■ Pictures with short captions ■
- Opening Delimiter -
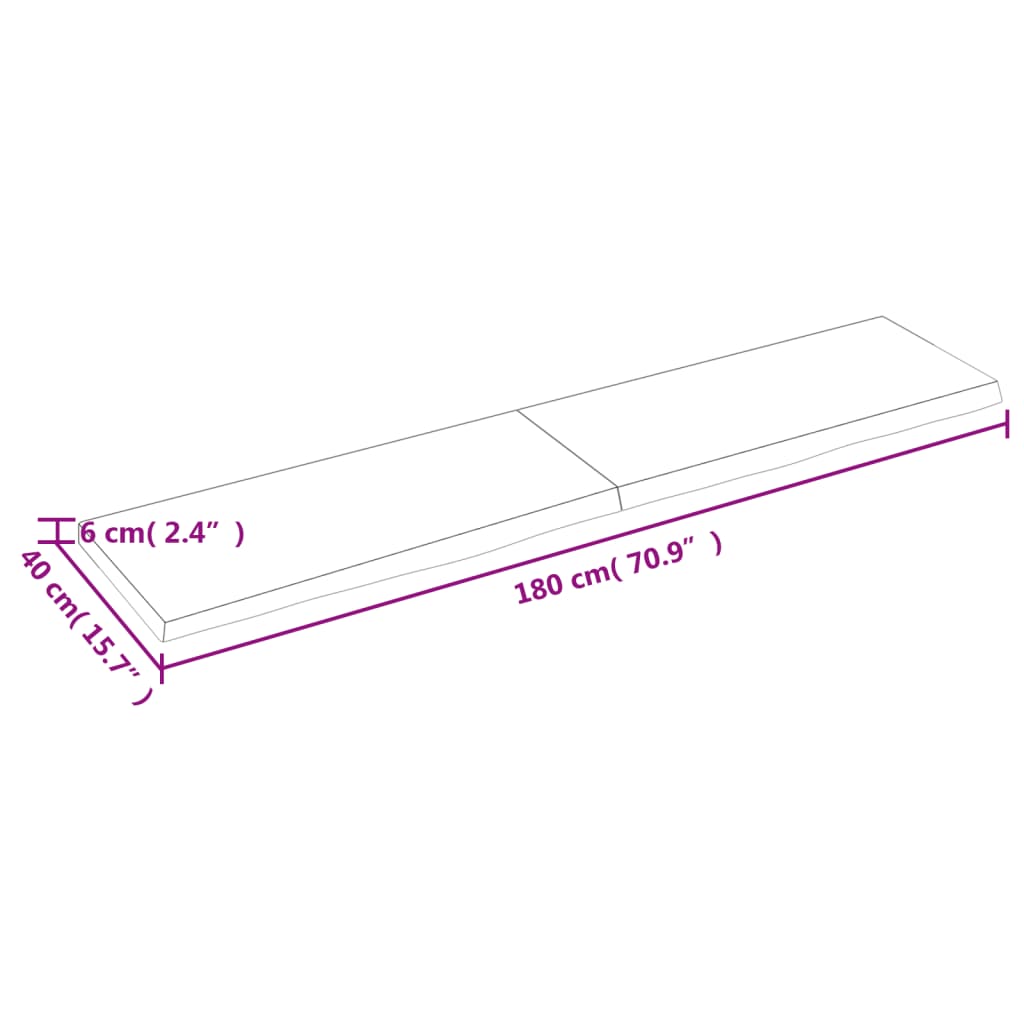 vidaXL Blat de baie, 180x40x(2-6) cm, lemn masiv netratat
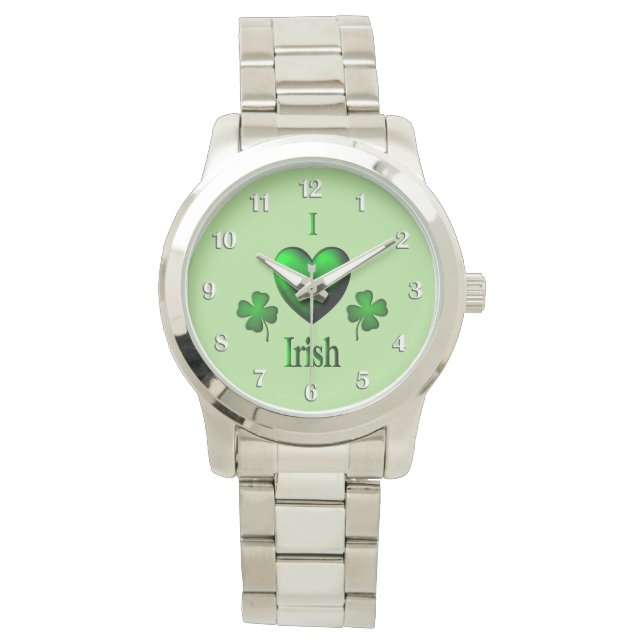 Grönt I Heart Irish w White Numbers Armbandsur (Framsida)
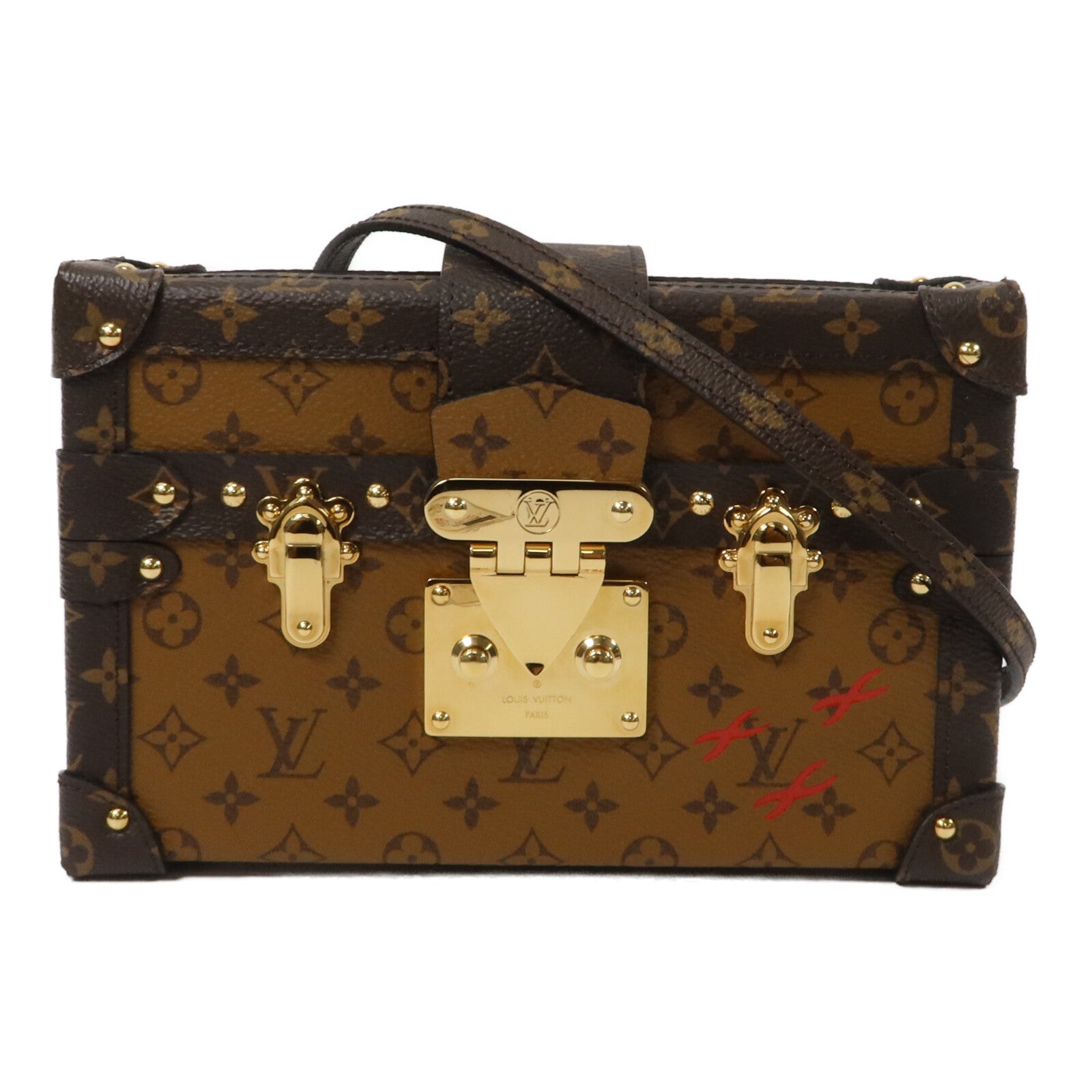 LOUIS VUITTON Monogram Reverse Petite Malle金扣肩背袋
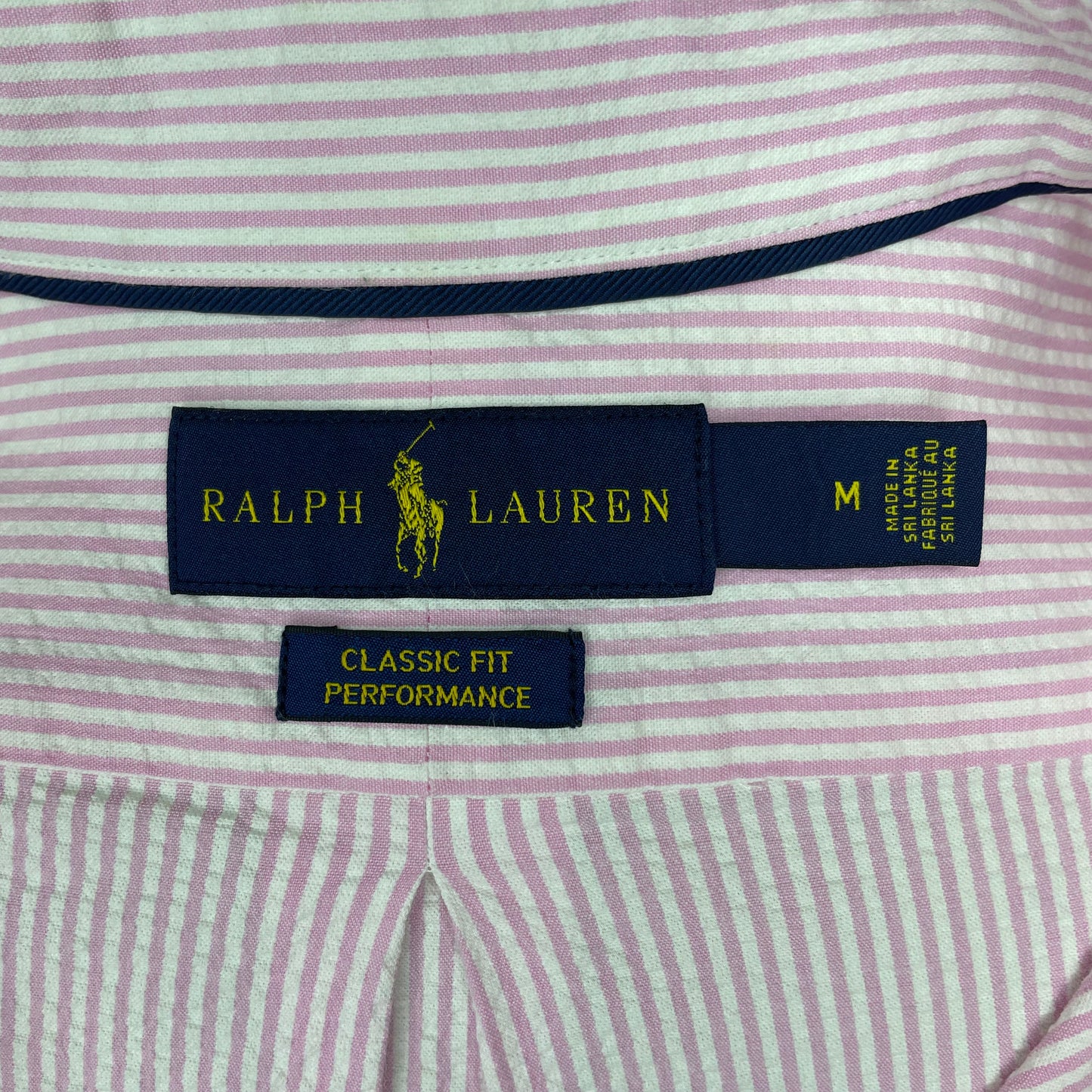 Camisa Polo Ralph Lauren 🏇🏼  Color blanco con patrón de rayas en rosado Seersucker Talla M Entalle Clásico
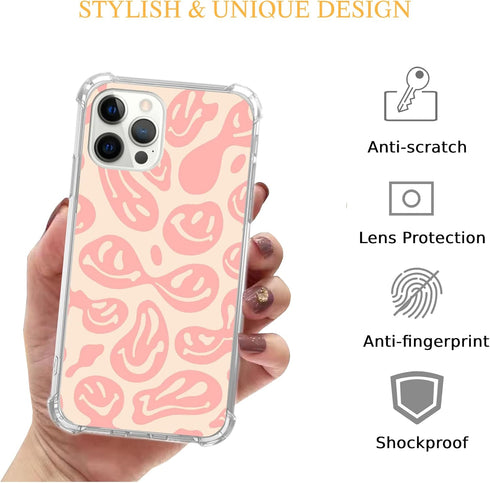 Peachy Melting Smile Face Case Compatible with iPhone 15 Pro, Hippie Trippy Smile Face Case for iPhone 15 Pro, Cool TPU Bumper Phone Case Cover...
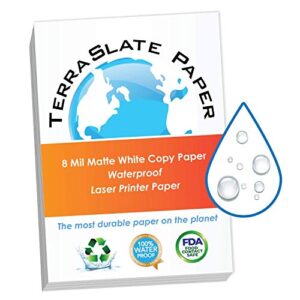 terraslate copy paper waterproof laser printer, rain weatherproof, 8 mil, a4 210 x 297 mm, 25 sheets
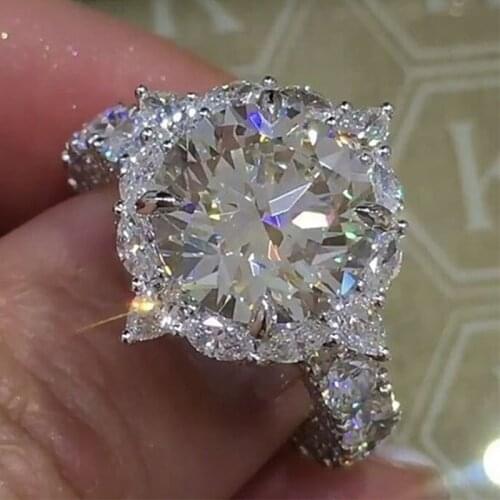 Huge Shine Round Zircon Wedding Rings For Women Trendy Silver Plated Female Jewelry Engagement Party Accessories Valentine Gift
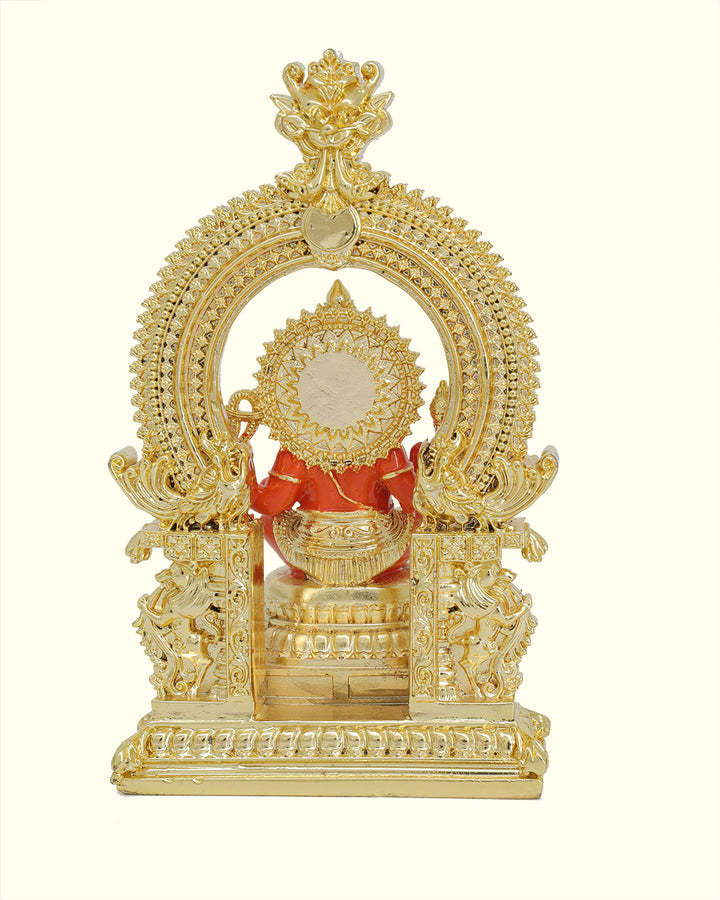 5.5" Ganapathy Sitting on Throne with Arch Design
- Closing Delimiter -
■ PROBLEM REQUIREMENTS ■
All of the entries need to be retyped word for word, pictures excluded.

■ RESPONSE BOX ■
 vidaXL Blat de baie, 180x40x(2-6) cm, lemn masiv netratat
 Grönt I Heart Irish w White Numbers Armbandsur (Framsida)
 LOUIS VUITTON Monogram Reverse Petite Malle金扣肩背袋
 Camisa Polo Ralph Lauren 🏇🏼  Color blanco con patrón de rayas en rosado Seersucker Talla M Entalle Clásico
 Peachy Melting Smile Face Case Compatible with iPhone 15 Pro, Hippie Trippy Smile Face Case for iPhone 15 Pro, Cool TPU Bumper Phone Case Cover...
 terraslate copy paper waterproof laser printer, rain weatherproof, 8 mil, a4 210 x 297 mm, 25 sheets
 Huge Shine Round Zircon Wedding Rings For Women Trendy Silver Plated Female Jewelry Engagement Party Accessories Valentine Gift
 5.5" Ganapathy Sitting on Throne with Arch Design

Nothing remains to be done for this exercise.